[YOUR GOAL]: Look through the entries below for the line with "Псилоцибиновые грибы Psilocybine" and the line with "Picture of Hemerocallis", then give again exactly those two lines and all lines between them, minus the pictures.

[GIVEN DATA]:
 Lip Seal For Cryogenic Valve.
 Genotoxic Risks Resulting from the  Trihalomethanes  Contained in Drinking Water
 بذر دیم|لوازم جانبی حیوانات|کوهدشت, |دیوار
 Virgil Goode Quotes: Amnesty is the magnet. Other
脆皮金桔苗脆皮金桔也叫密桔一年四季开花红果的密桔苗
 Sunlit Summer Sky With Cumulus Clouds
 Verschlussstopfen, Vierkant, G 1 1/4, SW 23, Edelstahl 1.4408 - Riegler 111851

* * *

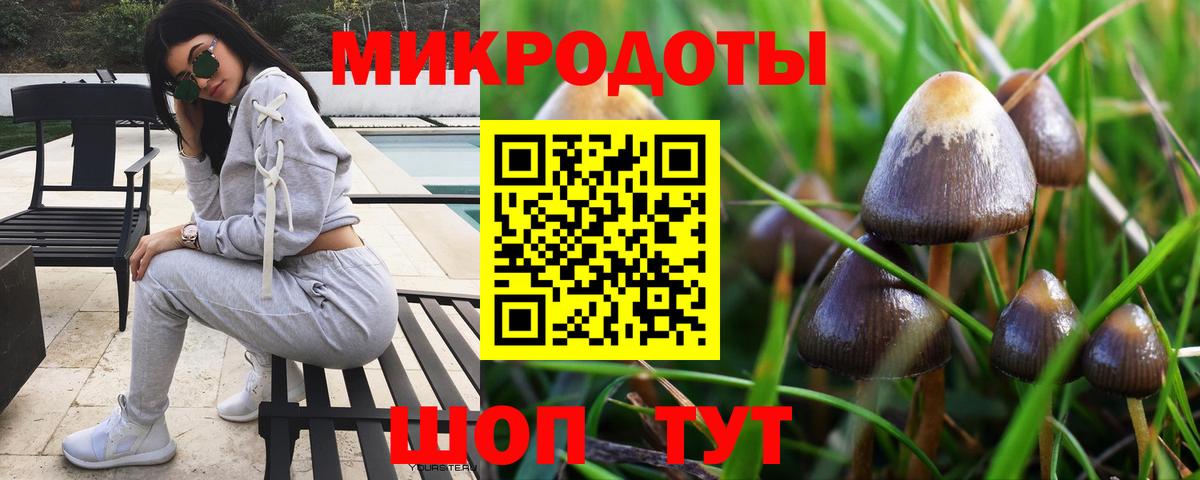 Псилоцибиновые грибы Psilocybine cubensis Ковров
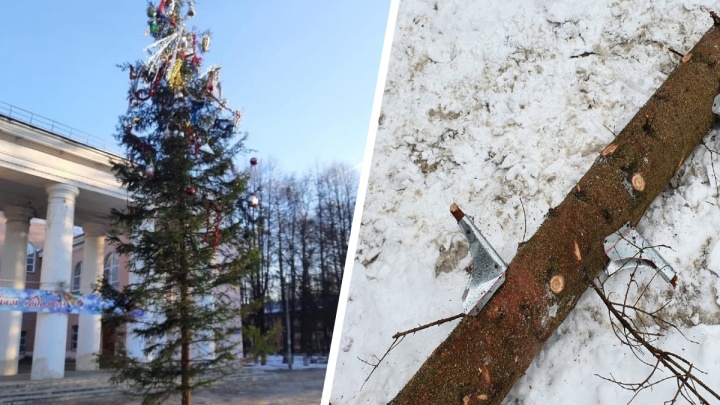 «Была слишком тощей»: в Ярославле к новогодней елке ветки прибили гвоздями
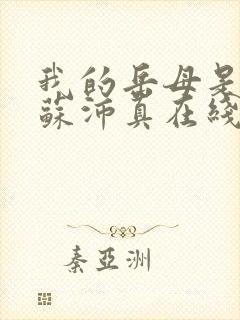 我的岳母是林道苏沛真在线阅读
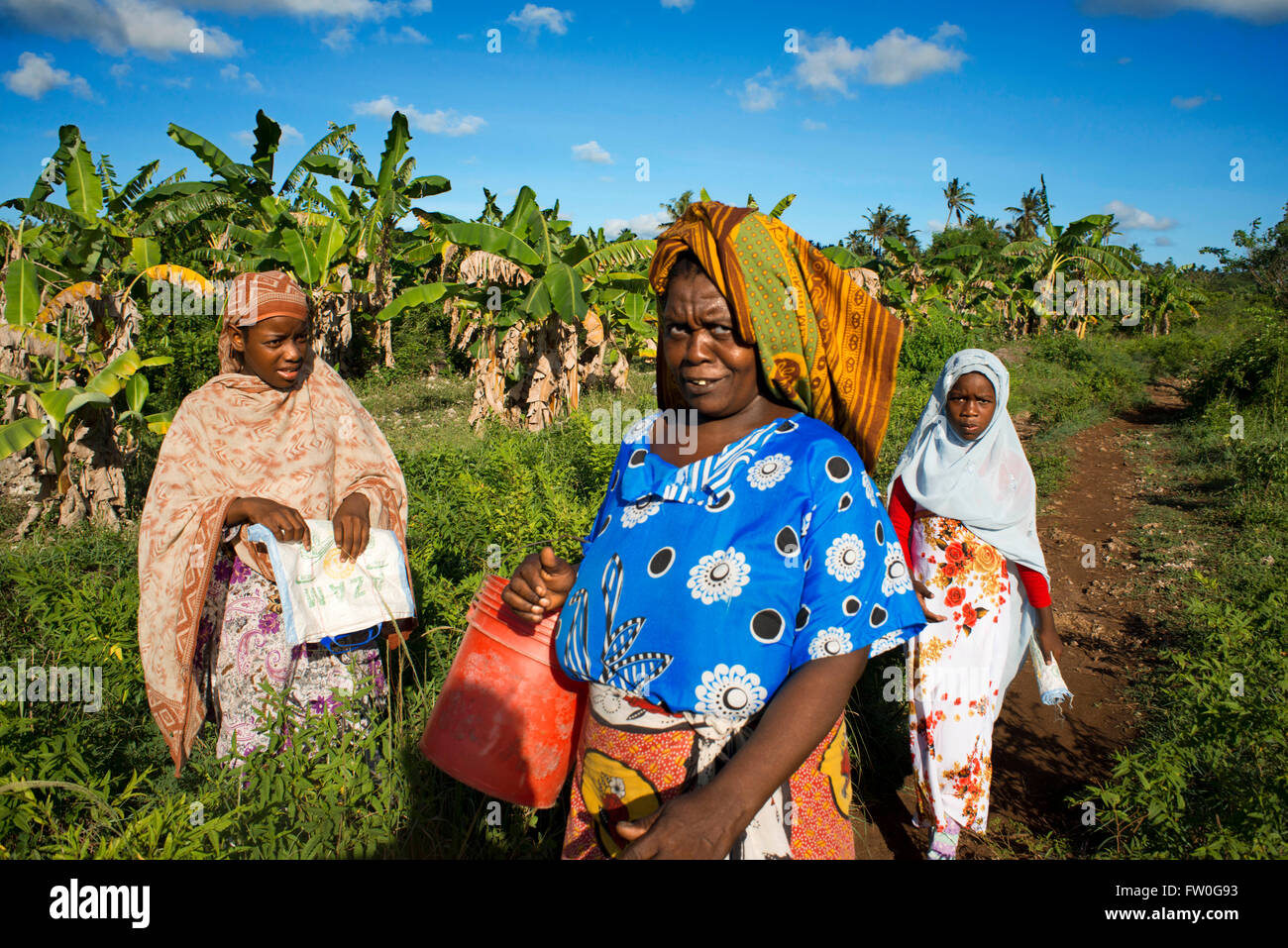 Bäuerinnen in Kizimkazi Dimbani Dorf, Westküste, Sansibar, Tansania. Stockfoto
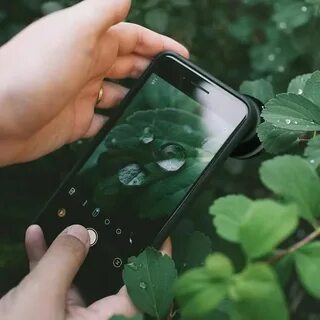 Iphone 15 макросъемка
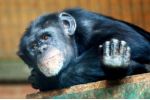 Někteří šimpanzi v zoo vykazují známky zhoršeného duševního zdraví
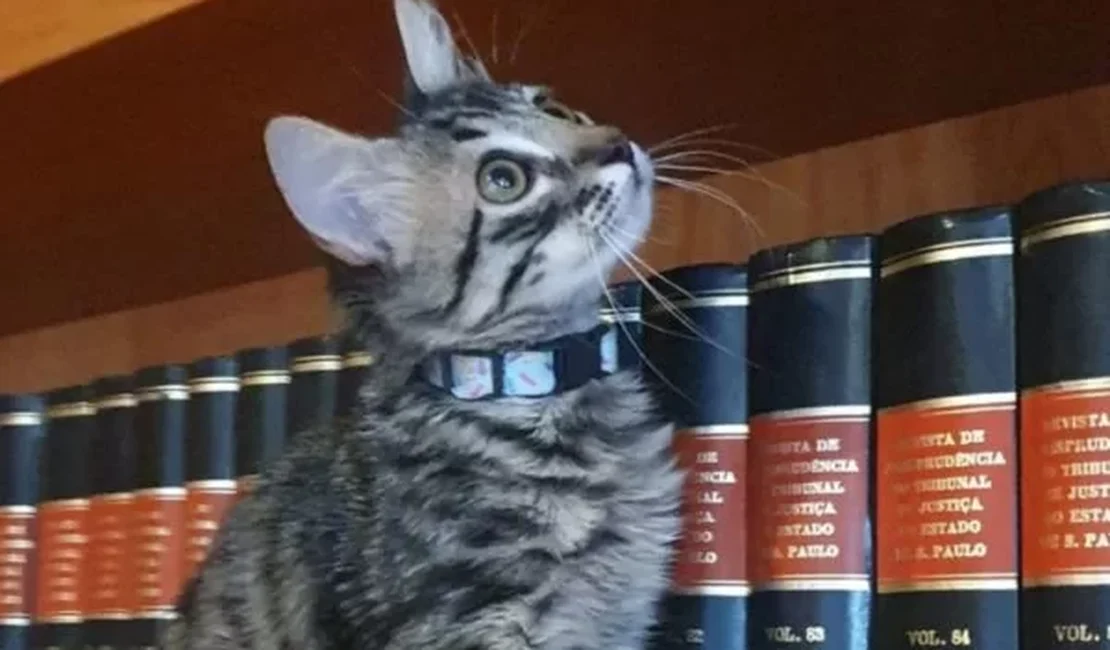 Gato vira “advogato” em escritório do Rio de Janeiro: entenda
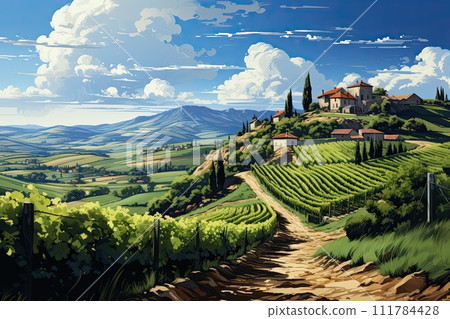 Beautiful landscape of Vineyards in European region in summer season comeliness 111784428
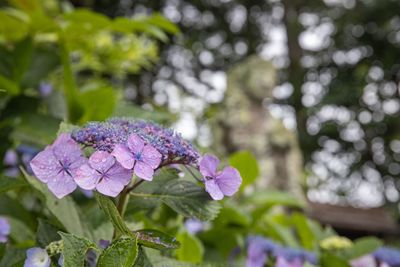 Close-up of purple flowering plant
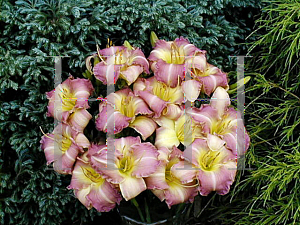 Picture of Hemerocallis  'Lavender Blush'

---

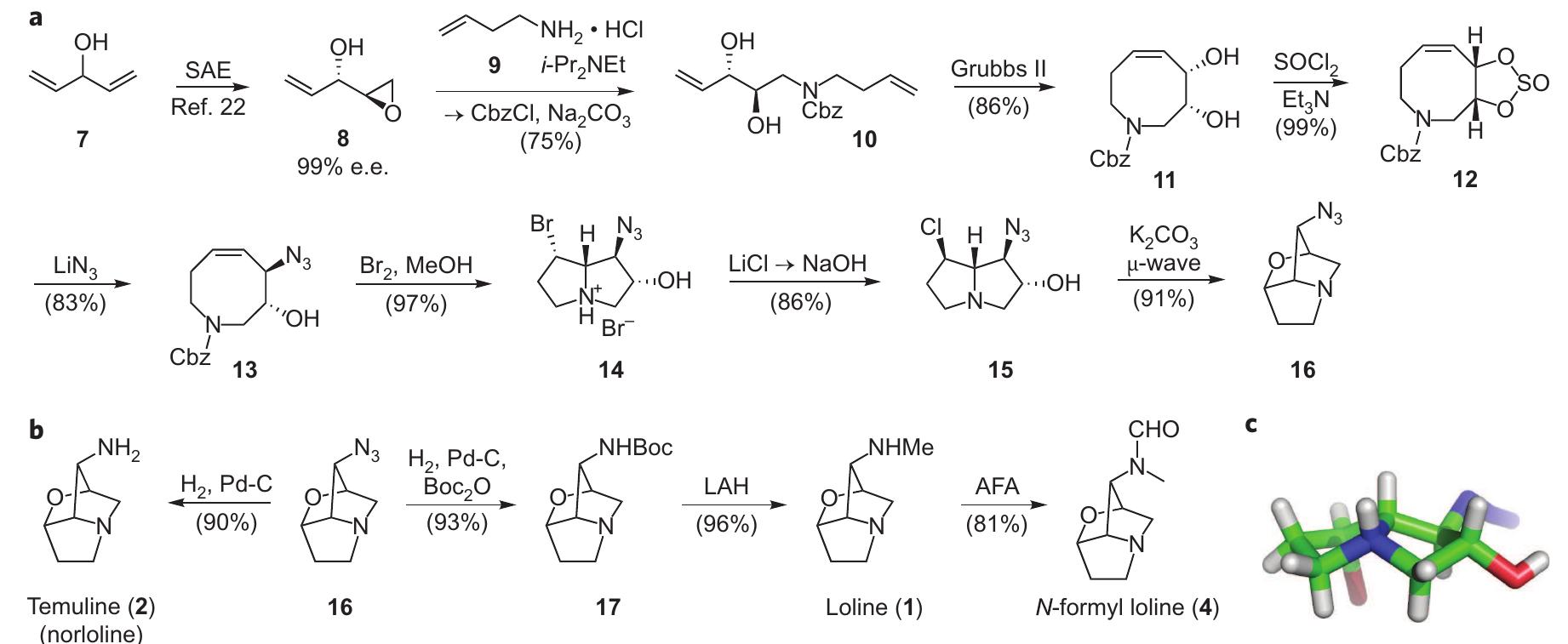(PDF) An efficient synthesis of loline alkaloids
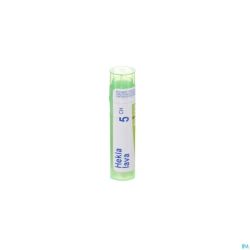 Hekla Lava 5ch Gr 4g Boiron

[SOLUTION TO THIS TASK]:
 Псилоцибиновые грибы Psilocybine cubensis Ковров
 «Была слишком тощей»: в Ярославле к новогодней елке ветки прибили гвоздями
 我的岳母是林道苏沛真在线阅读
 Bäuerinnen in Kizimkazi Dimbani Dorf, Westküste, Sansibar, Tansania. Stockfoto
 Iphone 15 макросъемка
 Někteří šimpanzi v zoo vykazují známky zhoršeného duševního zdraví
 Gato vira “advogato” em escritório do Rio de Janeiro: entenda
 Beautiful landscape of Vineyards in European region in summer season comeliness 111784428
 Close-up of purple flowering plant
 Picture of Hemerocallis  'Lavender Blush'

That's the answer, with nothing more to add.